What do the Bears have in their running backs? They’re about to find out

The Bears were pleased with what they saw from their overhauled running back room during non-padded OTA and minicamp practices during the spring, but consider that an incomplete evaluation. 

David Montgomery, in particular, impressed with his quickness, athleticism and route running. Nothing Mike Davis showed dissuaded the team from believing in the free agent signing’s untapped potential. Positive things were said about seventh-round pick Kerrith Whyte Jr. and second-year undrafted free agent Ryan Nall. 

The only running back returning from 2018’s unit is Tarik Cohen. But while Ryan Pace, Matt Nagy and the Bears’ talent evaluators did their homework on their new players, they won’t really get to see what they have until the pads come on in Bourbonnais (Nagy expects the first padded practice of training camp to be Sunday). 

“I know (Montgomery) kept asking coach, ‘when do we put the pads on?” Pace said. “And so we’re to that point. One of his greatest strengths is his contact balance and his ability to break tackles, and now we’re at a point where that can be showcased.”

It’s one thing for a rookie to stand out during OTAs and minicamp. Tight end Adam Shaheen did two years ago, bodying up NFL-caliber defenders to make some impressive plays in those non-padded practices. But he faded when pads came on in training camp and didn’t play a significant role in 2017’s dour offense. 

The Bears believe Montgomery’s ability to break tackles — he forced the most missed tackles among FBS running backs in 2018 with 99, per Pro Football Focus — will translate to the NFL, giving their ground game a dimension it didn’t have in 2018. Jordan Howard avoided 22 tackles on rushing attempts last year, 28th in the NFL and nearly half the total of Kareem Hunt.
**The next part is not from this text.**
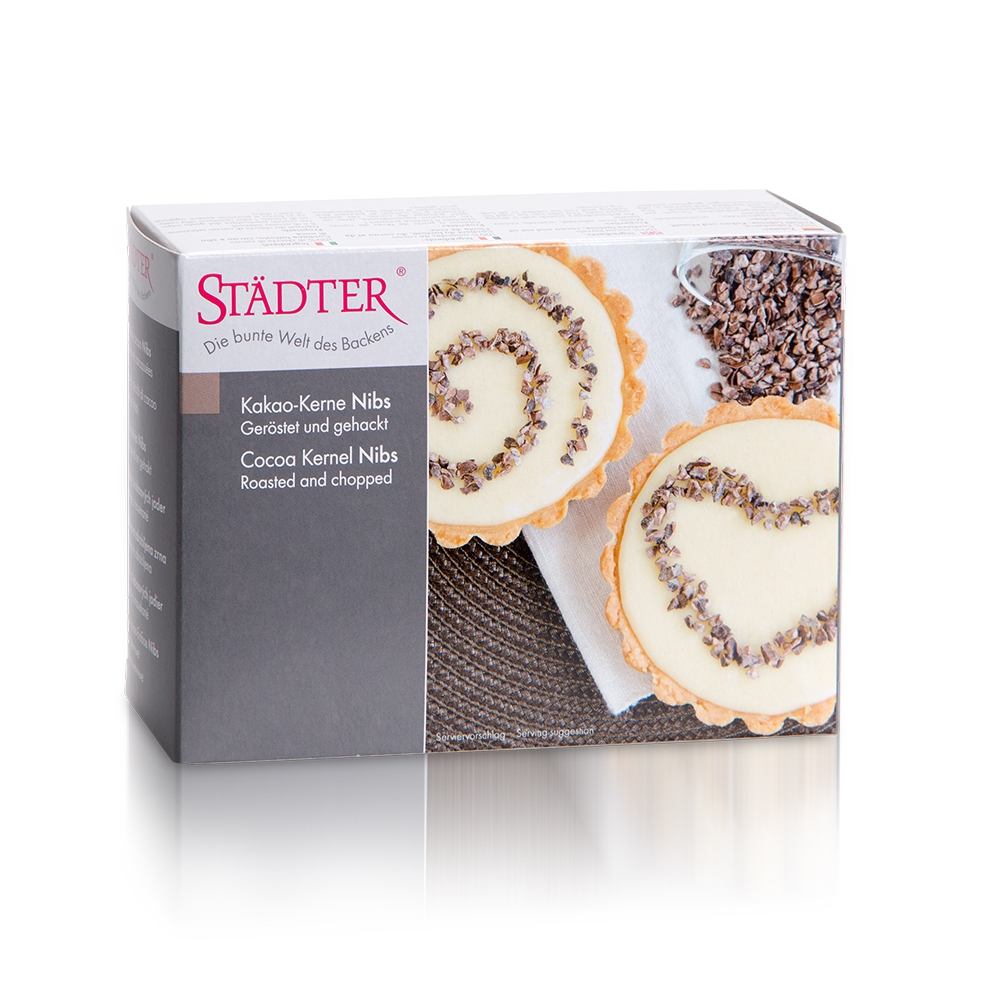 Städter - Baking ingredient Cocoa cores - 100 g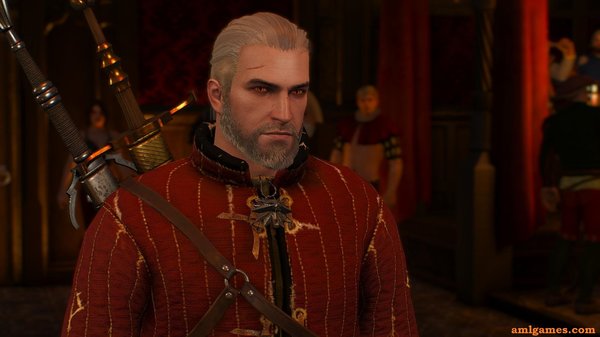 Красафчик Геральт! ;) ВЕДЬМАК III (сборка Торна)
Hunt appeared in 11 games (five fewer than Howard) before the Kansas City Chiefs released him after video surfaced of him pushing and kicking a woman; Montgomery’s style of play has favorably been compared to Hunt’s.  

As for Davis, Pace said: “I think I feel like he’s a little bit under the radar right now. Mike’s had a great offseason and we’re fortunate to have him. That’s a strong room — we talk about the receivers, we feel the same way about the running back room. And Mike Davis is a real important part of that.”

The Bears feel like Montgomery, Davis and Cohen leading their running back room will allow them to be less predictable and more efficient on offense. Last year, Howard carried the ball two-thirds of the time he was on the field, while he was targeted with a pass on just six percent of his plays. Yet no skill position player (except Mitch Trubisky, of course) was more involved in the Bears’ offense last year — 33 percent of the Bears’ total plays involved Howard.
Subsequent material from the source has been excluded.